The badgered becomes the badgerer.

The same action – asking questions – is employed, but there is a different purpose behind it.

Now consider the fact that God, too, is a question asker. We see this happen many times in Scripture:

  • When Adam and Eve first sinned, God responded with a question: “Where are you?” (Gen. 3:9).
  • When Adam and Eve presented themselves, God asked Eve directly, “What is this you have done?” (Gen. 3:13).
  • When God responded to Job’s accusations, He used a series of questions beginning with, “Where were you when I…?” (Job 38:4).
  • When Jonah was angry that God did what Jonah feared He would – relent on His punishment of the Ninevites – God asked him twice: “Is it right for you to be angry?” (Jonah 4).
  • When the people said Jesus was a prophet or a reincarnation of John the Baptist, He asked the disciples, “Who do you say that I am?” (Matt. 16:15).

The list could go on. In each case, God is asking a question. And because questions serve different purposes, depending on the occasion, we might wonder what God’s intent is in asking these questions

Well, we know first of all what His intent is not. We know that the question is not informational in nature because God already knows the answer. In fact, God actually knows the facts of every situation better than the people involved in the situation.

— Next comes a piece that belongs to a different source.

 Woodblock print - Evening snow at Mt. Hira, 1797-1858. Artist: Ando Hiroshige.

And here we find one of the great purposes of God in His asking of questions.

God uses questions to force us to confront our own hearts. He questions us not because He needs to know and understand something about what’s going on, but because He wants us to know and understand the truth of what’s going on. Through questions, God forces us to turn our gaze on ourselves, our hearts, and our motivations. He makes us look deeply into ourselves, knowing that He already knows, and then own up to that which we have either been unable or unwilling to see previously.

As He did in the garden, God might ask us, “Where are you?” not because He doesn’t know, but because He wants us to bring into the light the fear and shame that keeps us in hiding.

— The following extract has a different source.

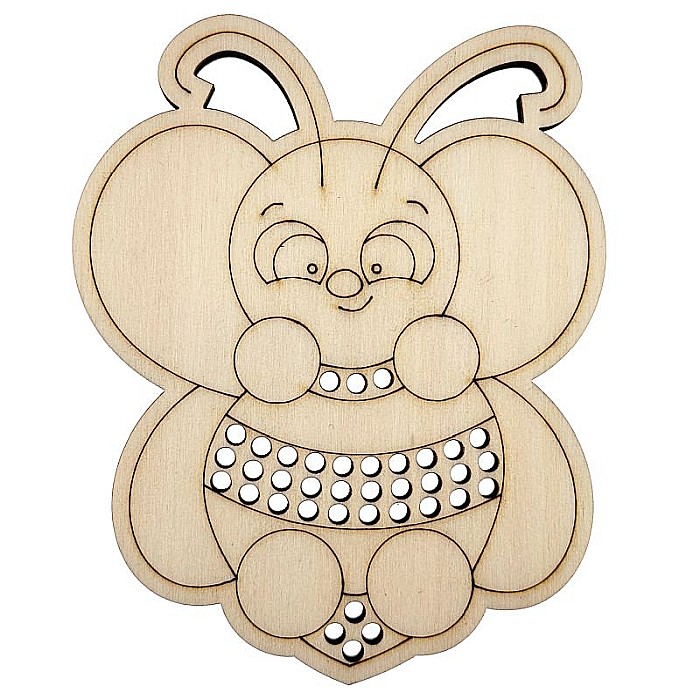Figurina din lemn, model albinuta cu gauri pentru cusut, 10 cm [2]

Or as He did with Jonah, God might force us to confront our own bias and prejudice and bitterness so that we might, through His compassion and grace, actually move past it.

Or as Jesus did with the disciples, God might ask us again and again who He is not because He has forgotten, but because He wants us to form the discipline in ourselves of speaking the truth of His character to our doubts over and over again.

So God questions us. Not because He doesn’t know, but because He wants us to know. And when God asks us a question today, I wonder if we will be courageous enough to answer it. Because doing so will not mean calling up a new piece of information; doing so will mean confronting the truth about ourselves.